Weltstadt mit Nato

Anfang Februar findet in München die Sicherheitskonferenz der Nato statt. Ein Gegenbündnis lädt am kommenden Wochenende zum Antikriegskongress. von sascha becker

G erne hätte die Münchner Polizei den UN-Genaralsekretär Kofi Annan für ihre Deeskalationstrategie gewonnen. Jedenfalls zitiert die Süddeutsche Zeitung Polizeikreise mit der Überlegung, eine stärkere Einbindung der UN hätte der Nato-Sicherheitskonferenz eher den Charakter einer Friedenskonferenz gegeben. Dass aber nun der UN-Generalsekretär nicht vom 6. bis 8. Februar nach München kommen wolle, während sämtliche Verteidigungsminister der Natostaaten anwesend sein werden, habe die Stimmung unter den Gegnern zusätzlich angeheizt.

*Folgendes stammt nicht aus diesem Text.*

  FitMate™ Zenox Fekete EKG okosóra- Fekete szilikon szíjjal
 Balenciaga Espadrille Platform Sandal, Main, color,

Doch es gibt noch Hoffnung, glaubt man dem Polizeipräsidenten Wilhelm Schmidbauer. »Es läuft in der Szene noch die Diskussion darüber, ob die Sicherheitskonferenz als Friedens- oder als Kriegskonferenz angesehen werden soll«, weiß er. Und vorsorglich warnt er die Anhänger der Theorie von der Kriegskonferenz: »Wir beobachten die Lage in diesem Jahr noch genauer, als wir das sonst getan hätten.«

Zum 40. Mal werden sich Anfang Februar Militärs, Politiker und Rüstungslobbyisten zur Sicherheitskonferenz der Nato in München versammeln. 1962 fand das Treffen erstmals statt, damals noch unter dem Namen Wehrkundetagung. Die Stadt München, die dank des damaligen Bundesverteidigungsministers Franz Josef Strauß (CSU) zum Zentrum der Rüstungsindustrie der Bundesrepublik aufgestiegen war, bot das ideale Umfeld, um neue verteidigungspolitische Konzepte, vom Nato-Doppelbeschluss über die Osterweiterung der Nato bis zur Aufstellung von Interventionsarmeen, zu diskutieren und nebenbei lukrative Waffengeschäfte anzubahnen.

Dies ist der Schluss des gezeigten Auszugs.